Count number of unique values without hitting series-limit

I am using Grafana together with Grafana Loki to monitor a service through its access logs. I have been able to extract the number of requests over a given time range, as well as the top 10 paths and requests to specific URLs.

What I would also like to count is the number of unique users. My possibilities are very limited here, so I decided to count the number of unique IPs as an approximation. But when I run the following query on larger time frames (7 days in my case), it fails due to the 500 series limit.

count(count_over_time({job="data-collections-explorer", code="200"} | regexp `^(?:[^ ]+ )?(?P<ip>[^ ]+) - -.*` | keep ip [$__range]))

I understand why the query runs into this issue (more than 500 unique IPs resulting in more than 500 time queries), but I was hoping there are alternative ways to retrieve the metric I am looking for. In my case, I don’t even need the time series that count_over_time creates, I just want the absolute number of unique values over the given range. Is there any way of doing something like this in LogQL?

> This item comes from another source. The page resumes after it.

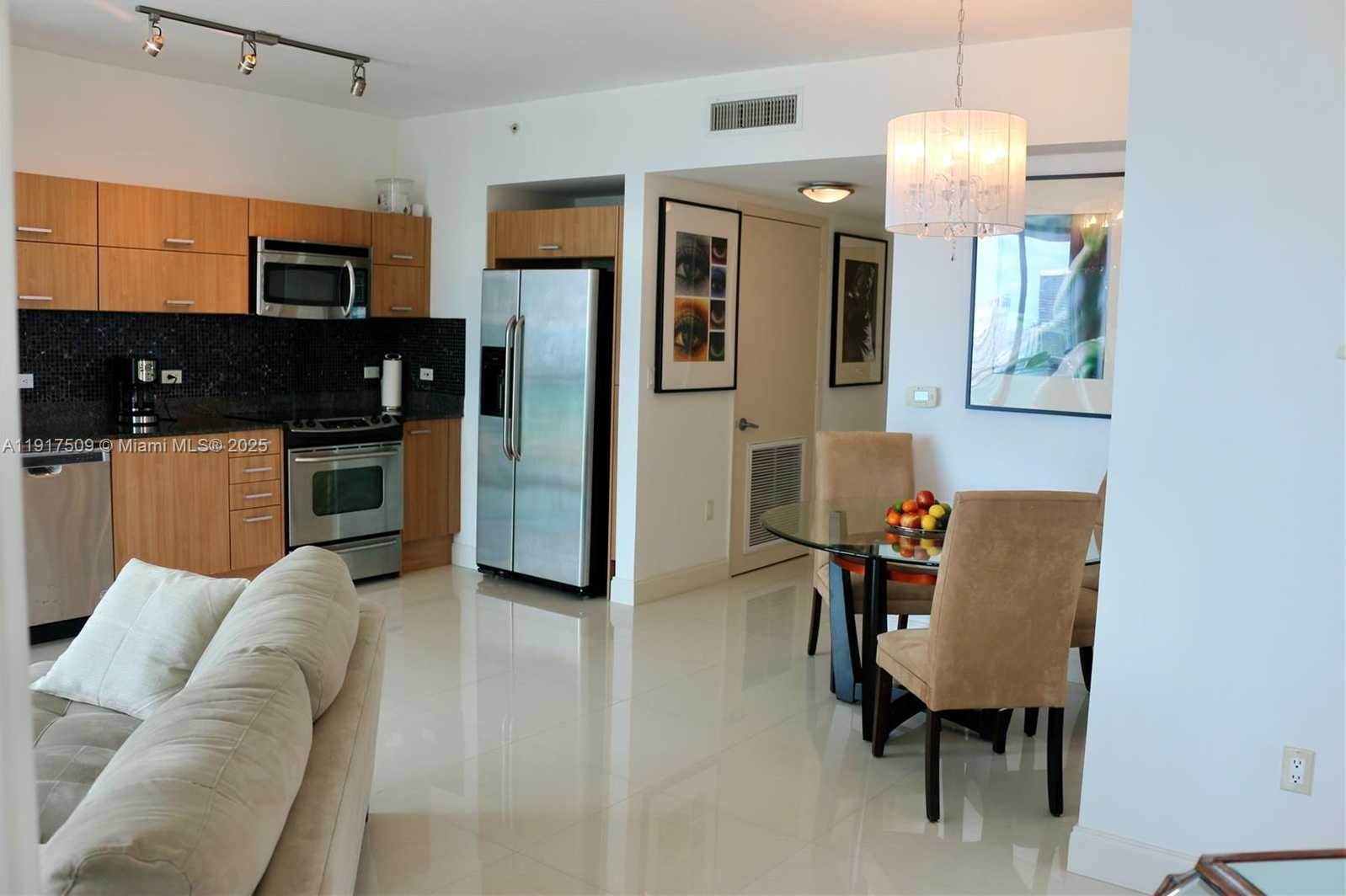 Small Image of 350 SOUTH MIAMI AVE #3813, Miami Number 59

I assume using the tranformations in the Grafana Dashboards is not a good approach, as it would run into the line limit. (1000 log lines, which is the limit, reaches only 2 days into the past in my case)

(Side note: I already have set up recording rules for unique IPs in the last 24 hours, I am just looking for ways to make the above query work. That would allow me to also record the number of unique IPs per 7 days)

Thank you for taking the time to read my post :smile:

How about this?

count(
  sum by (ip) (
    count_over_time(
      {job="data-collections-explorer", code="200"}
        | regexp `^(?:[^ ]+ )?(?P<ip>[^ ]+) - -.*`
      [$__range]
    )
  )
)
1 Like

Thank you for your reply. While your idea sadly does not work (still produces the 500 series limit error), it gave me the idea to try something else. Instead of doing a count_over_time on the whole $__range, I instead now do it on just 1h. Since the labels (IPs) are preserved in the time series per 1h, I can then count over those using a Reduce transformation (where I calculate the total number of accesses per IP over all 1h segments). Then I display the data in a Stat, where I can choose to display the count of values in the response. That yields exactly the number of unique IPs over the entire time range, and even goes beyond 500 IPs.

If you need counting big number of unique label values (for example, millions of unique ip addresses), then Loki won’t help here :frowning: Try VictoriaLogs then - it provides count_uniq() stats function, which can count millions of unique values in a blink of an eye. For example, the following query counts the number of unique ip values over the selected time range in Grafana:

{job="data-collections-explorer", code="200"}
    | extract " <ip> - -"
    | stats count_uniq(ip) as uniq_ips

The ip values are extracted from the log message using the extract pipe.